The Bushnell Park area is home to insurance giants like National Insurance and Connecticut General Life Insurance Company, and is steeped in turn-of-the-century (20th century) sized high-rise buildings. Frog Hollow is home to the county and state courts, law offices and hospitals, including The Institute of Living, Hartford Hospital and Connecticut Children's Medical Center. It is also home to Trinity College. The area is known for its Caribbean food and culture. A mixed-use plaza complex is planned for this area.
Asylum Hill is a mixed use area that serves as home to Sovereign Bank, the Lincoln Culinary Institute, Saint Francis Hospital & Medical Center, and more insurance companies, like The Hartford and Aetna Insurance. It is also the area you’ll find the homes of Mark Twain and Harriet Beecher Stowe.
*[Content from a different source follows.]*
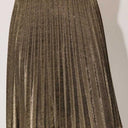 Lurex Fabric Pleated Midi Skirt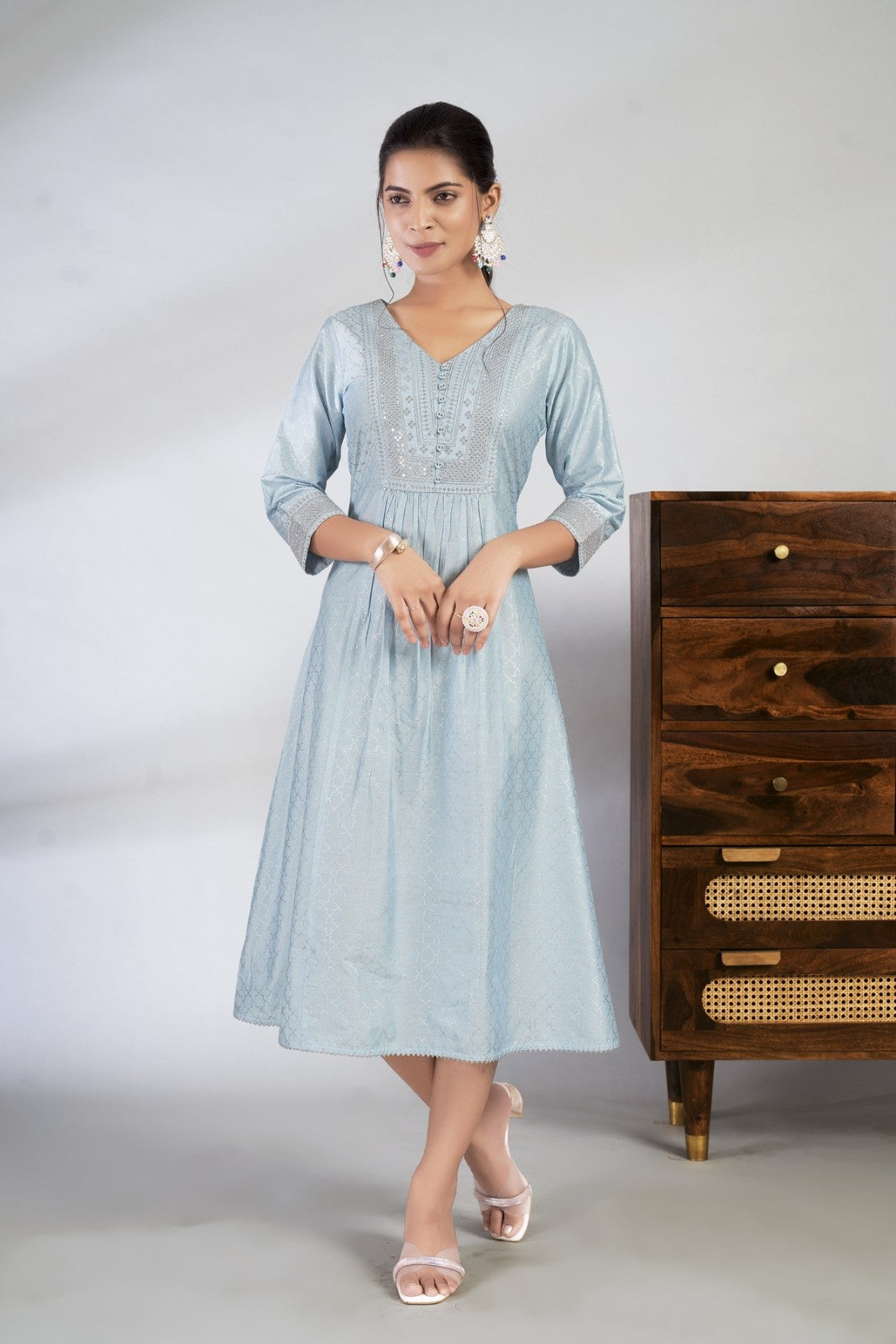 Laxmipati Reshami - KT0068 Sky Blue A-line Foil Print With Embroidered Viscose Woman Kurta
South Meadows is primarily industrial, commercial and utility companies, including Hartford Electric Light Company, the water treatment plant, resource recovery facilities, and the regional airport.
North Meadows is a commercial and industrial area that houses the Connecticut Department of Transportation’s regional transit center. It is also home to the CT Expo Center, Meadows Music Theater, Riverside Park, and Hartford’s red light district with sex shops and strip clubs. Parkville is where many manufacturing companies are located.
The historic West End is home to academic institutions, including the University of Connecticut School of Law and the Hartford Seminary. Charter Oak/Sheldon Oak is an industrial area that is being redeveloped into a mixed-use area with office space and apartments.
In 1968, following the assassination of Dr. Martin Luther King Jr., the Clay-Arsenal and Upper Albany area had massive riots that destroyed the business district. Most of the businesses and population fled the area. The area is now an immigrant community with a strong arts and cultural focus. Strong revitalization efforts by the city and private developers have resulted in new townhomes coming into the area.
South Green is a charming historic area with cobblestone crosswalks. Several hospitals call this area home, including Connecticut Children's Medical Center and Hartford Hospital. Wethersfield area is known as Little Italy, and the area has many ethnic restaurants and shops.
Facts about Hartford:
Hartford, the state capital of Connecticut, is 17 square miles in area and sits at 59 feet above sea level.
The city’s population according to the 2012 Census is 124,893, with about 1.2 million people in the Hartford metro area. The city has been steadily losing population since the 1950’s, a decrease of about 53,000 people in all. The racial mix of the city is 15% white, 36% African-American, 43% Hispanic, 3% Asian and 3% other races. The median age is only 30 years old, due in large part to 43% of the city’s population being under 24 years old, with a mere 9% over 65.
The average low temperature in January is 18? F, with an average of 4 days a year falling below 0? F. The average high temperature in July is 84? F, with an average of 17 days a year over 90? F. In an average year, Hartford gets about 46 inches of rain and 49 inches of snow. In 2013, the unemployment rate in Hartford was twice the national average.